The YouTube app icon on a smartphone in this illustration taken October 27, 2025. REUTERS/Dado Ruvic/Illustration

By Byron Kaye

SYDNEY, Dec 3 (Reuters) - Google's YouTube said it will obey Australia's world-leading ban on social media accounts for children under 16, a capitulation which means all the most popular platforms with young users have agreed to comply after campaigning against the law.

Google initially received an exemption on grounds its main purpose was video viewing and education, not social networking. Canberra later broadened the scope of the ban to include it following complaints by other platforms.

"We will comply with the law and implement age restrictions as required," YouTube said in a blog post on Wednesday, a week before the law takes effect on December 10.

However, it added that it continued to disagree with the decision to classify YouTube as a social media service, saying it was "fundamentally different".

The Australian ban is being closely watched by other jurisdictions considering similar age-based measures, setting up a potential global precedent for how the mostly U.S. tech giants behind the biggest platforms balance child safety with access to digital services.

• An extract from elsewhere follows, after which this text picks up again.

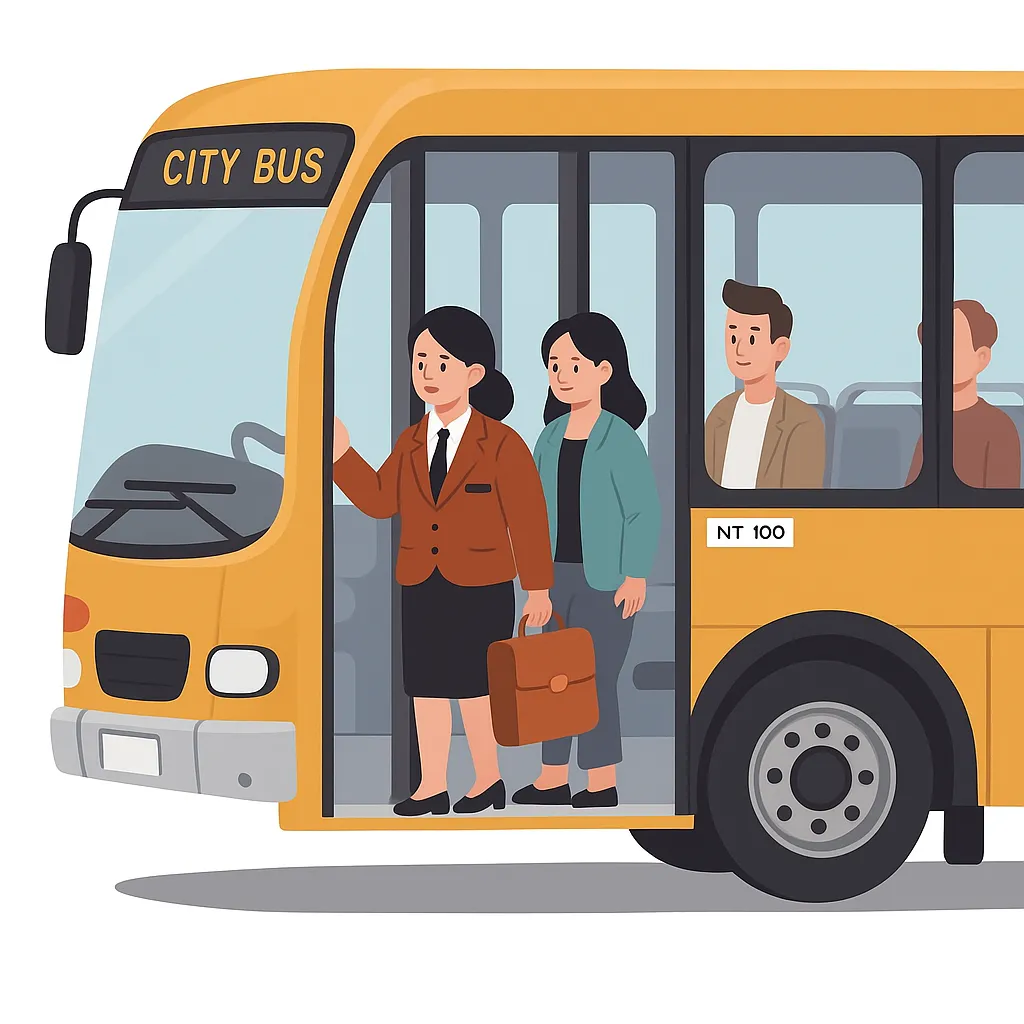 Illustration of a bus driver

The Australian government says the measure responds to mounting evidence that platforms are failing to do enough to protect children from harmful content.

SIGNED OUT

YouTube said any user aged under 16 would be automatically signed out of their account from December 10, meaning they could no longer subscribe, like or comment on posts although they could still view content logged out.

That meant underage content creators also could not log in or post. YouTube did not say how it would verify someone's age.

The company also said in an email to caregivers of underage users that "parental controls only work when your pre-teen or teen is signed in, so the settings you've chosen will no longer apply".

The law prohibits platforms from allowing under-16s to hold accounts, with penalties of up to A$49.5 million ($32.5 million) for breaches. Meta's Facebook and Instagram, TikTok and Snap's Snapchat previously said they would comply.

Of the platforms named by the government as being covered by the ban, only Elon Musk's X and message board Reddit have not publicly committed to abide by the law.

YouTube has 325,000 accounts held by Australians aged 13 to 15, according to regulator the eSafety Commissioner, behind only Snapchat which has 440,000 and Instagram which has 350,000 in that age range.

eSafety has said more than one-third of Australians aged 10 to 15 have reported seeing harmful content on YouTube, the worst of any platform.

Since being added to the age-restricted list, YouTube said it was getting legal advice, prompting media reports that it was considering a legal challenge. A YouTube spokesperson did not immediately respond to a question about whether a legal challenge was being considered.